Top of Record set
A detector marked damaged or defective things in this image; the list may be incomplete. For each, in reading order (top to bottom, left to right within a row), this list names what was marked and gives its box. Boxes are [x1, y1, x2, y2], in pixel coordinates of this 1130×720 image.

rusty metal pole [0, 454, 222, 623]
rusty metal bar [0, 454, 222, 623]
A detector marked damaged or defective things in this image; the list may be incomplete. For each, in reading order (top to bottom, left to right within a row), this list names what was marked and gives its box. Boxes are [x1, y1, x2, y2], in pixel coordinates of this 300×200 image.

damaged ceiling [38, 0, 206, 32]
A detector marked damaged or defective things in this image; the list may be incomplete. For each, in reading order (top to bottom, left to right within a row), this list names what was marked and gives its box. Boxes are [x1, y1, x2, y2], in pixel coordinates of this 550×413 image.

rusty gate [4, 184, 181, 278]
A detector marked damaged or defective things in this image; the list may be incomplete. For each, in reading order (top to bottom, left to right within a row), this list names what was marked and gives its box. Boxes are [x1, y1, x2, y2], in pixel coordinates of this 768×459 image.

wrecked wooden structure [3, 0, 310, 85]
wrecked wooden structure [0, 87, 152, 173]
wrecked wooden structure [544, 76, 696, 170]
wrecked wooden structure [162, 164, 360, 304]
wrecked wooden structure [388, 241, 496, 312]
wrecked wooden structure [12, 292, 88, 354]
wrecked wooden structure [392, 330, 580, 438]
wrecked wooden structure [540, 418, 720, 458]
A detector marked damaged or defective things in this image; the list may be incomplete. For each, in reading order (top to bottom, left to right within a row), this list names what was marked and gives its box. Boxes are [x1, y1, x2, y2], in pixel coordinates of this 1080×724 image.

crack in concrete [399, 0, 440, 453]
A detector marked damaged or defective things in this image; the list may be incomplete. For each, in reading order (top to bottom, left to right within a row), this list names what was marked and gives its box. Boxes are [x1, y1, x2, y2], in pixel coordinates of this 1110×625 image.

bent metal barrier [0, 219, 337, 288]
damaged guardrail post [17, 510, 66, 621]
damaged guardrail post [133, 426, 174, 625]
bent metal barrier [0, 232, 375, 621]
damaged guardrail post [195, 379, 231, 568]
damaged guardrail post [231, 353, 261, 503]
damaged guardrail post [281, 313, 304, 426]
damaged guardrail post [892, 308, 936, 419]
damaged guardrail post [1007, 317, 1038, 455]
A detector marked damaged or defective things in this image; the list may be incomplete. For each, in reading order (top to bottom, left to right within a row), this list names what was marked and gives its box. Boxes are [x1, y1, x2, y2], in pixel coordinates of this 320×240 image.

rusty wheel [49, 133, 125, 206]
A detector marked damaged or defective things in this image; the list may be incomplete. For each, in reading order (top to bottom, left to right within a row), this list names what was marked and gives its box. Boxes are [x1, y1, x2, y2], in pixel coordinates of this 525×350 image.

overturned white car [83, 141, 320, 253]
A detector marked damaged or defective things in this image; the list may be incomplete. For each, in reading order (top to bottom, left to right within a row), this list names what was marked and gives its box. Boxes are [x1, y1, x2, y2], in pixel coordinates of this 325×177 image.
Bottom of Record set
_Work task_:
Transcribe exactly, and only, the lines from the one with "this 525×350 image." through the last line of the data.

_Result of the task_:
A detector marked damaged or defective things in this image; the list may be incomplete. For each, in reading order (top to bottom, left to right within a row), this list names what was marked and gives its box. Boxes are [x1, y1, x2, y2], in pixel coordinates of this 525×350 image.

overturned white car [83, 141, 320, 253]
A detector marked damaged or defective things in this image; the list may be incomplete. For each, in reading order (top to bottom, left to right within a row), this list names what was marked and gives its box. Boxes are [x1, y1, x2, y2], in pixel coordinates of this 325×177 image.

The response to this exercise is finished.